Application and design studies of compressed-air energy storage for solar applications. Final report

Abstract

This report describes a study of adiabatic Compressed-Air Energy Storage (CAES), in which both the heat of compression and the compressed air are stored separately, and the applicability of this technology to solar power systems. The basic thermodynamics of ideal single- and two-stage adiabatic CAES is reviewed. Generic single-stage and two-stage types are discussed, and efficiency and mass flow rate as a function of storage pressure and stage pressure ratios are investigated. The performance and cost of available turbomachinery for the single- and two-stage adiabatic systems are given in detail as the basis for evaluating sixteen candidate near-term single-stage and two-stage designs. Both excavated caverns and abandoned mines are considered for storage reservoirs. Two scenarios are considered regarding joint application of CAES and Solar Thermal Energy (STE) systems. One is based on providing local CAES storage for STE systems, other on providing solar-augmentation to adiabatic CAES installations. Both solar-heated thermal storage and fuel firing are considered for provision of necessary backup during bad weather.

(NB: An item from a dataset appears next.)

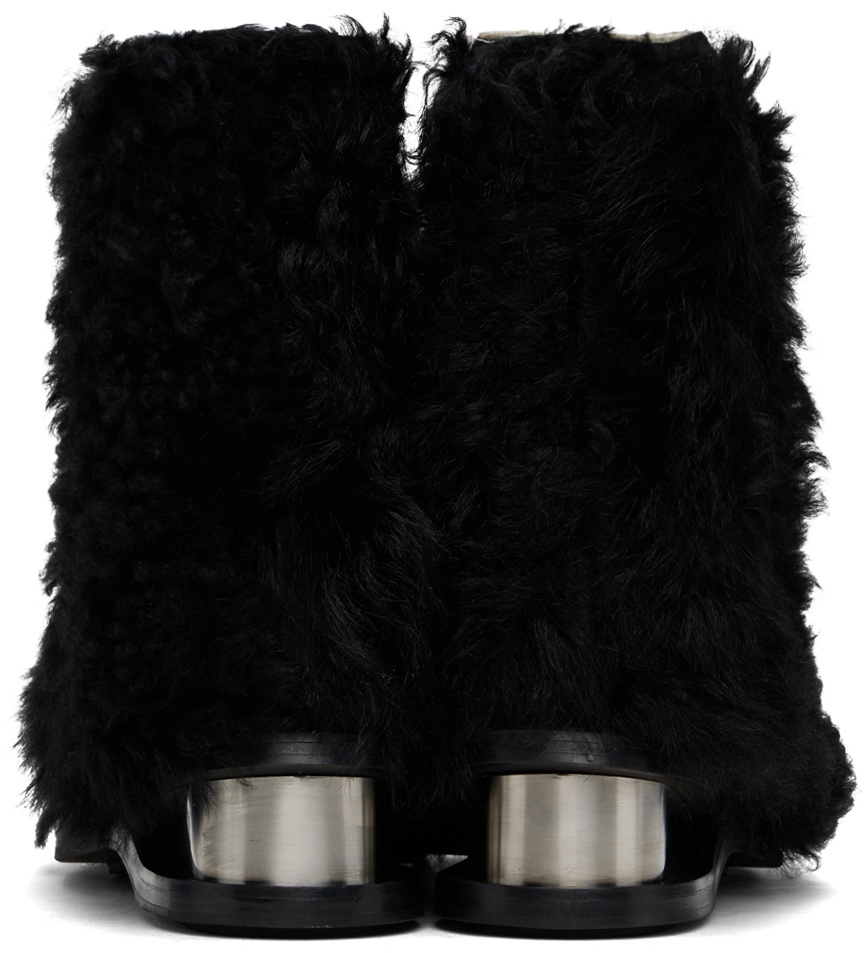 EGONlab Black Stun Shearling Boots EGONlab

Solar-heated heat-topping of adiabatic CAES is also considered, but rejected as an unattractive technology. The economics of all these systems is ranked on the basis of delivered busbar energy cost for three different charging energy costs. The adiabatic systems are compared to fired systems to determine the breakeven cost of fuel which yields the same busbar energy cost. An economic comparison with pumped hydro and peaking gas turbines is also given. Recommendations for future development of this technology are presented.